[DATA PROVIDED Boundary: Start]

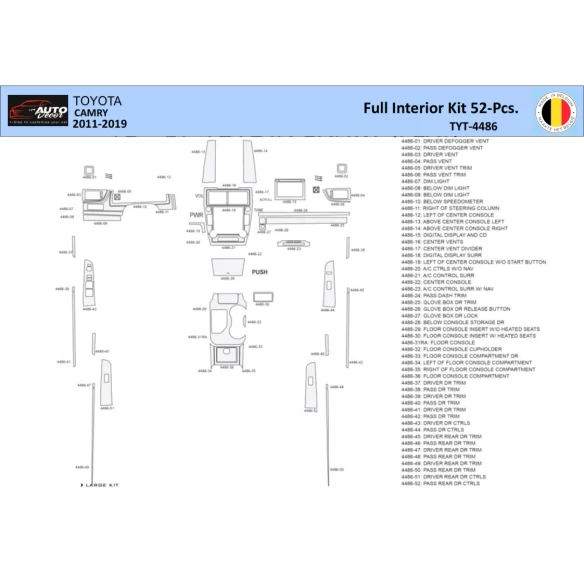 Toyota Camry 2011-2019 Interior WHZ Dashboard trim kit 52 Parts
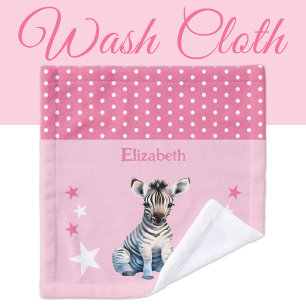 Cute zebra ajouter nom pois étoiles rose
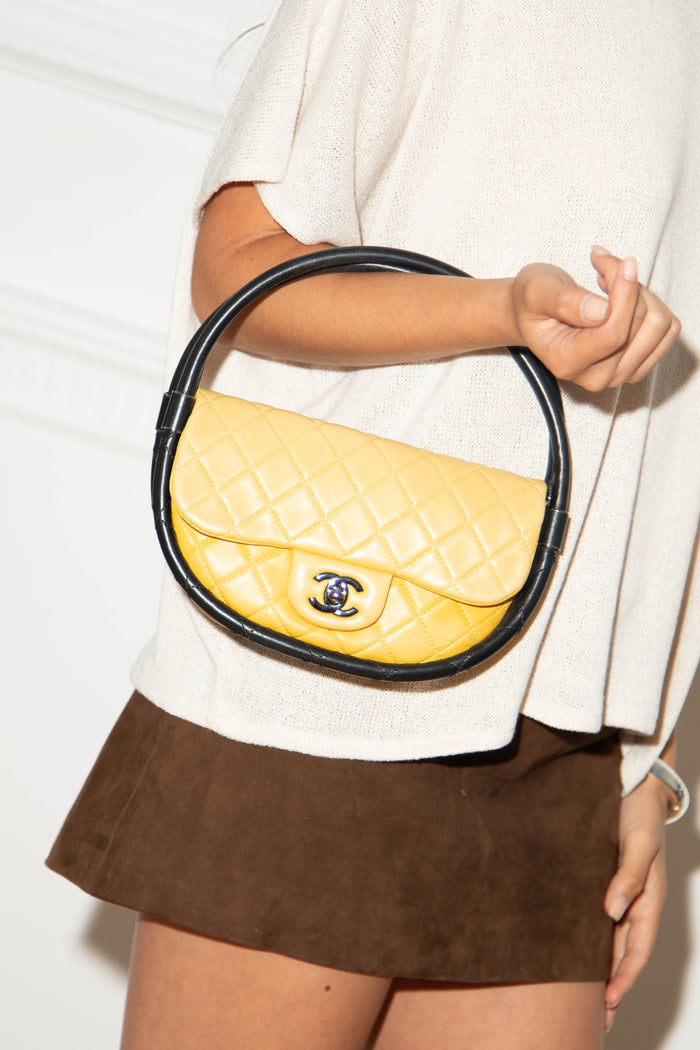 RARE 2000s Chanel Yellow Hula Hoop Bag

[DATA PROVIDED Boundary: End]

* _TASK OBJECTIVE_:
Once the pictures are set aside, give the listing again word for word.

* _TASK RESPONSE_:
 Toyota Camry 2011-2019 Interior WHZ Dashboard trim kit 52 Parts
 Cute zebra ajouter nom pois étoiles rose
 RARE 2000s Chanel Yellow Hula Hoop Bag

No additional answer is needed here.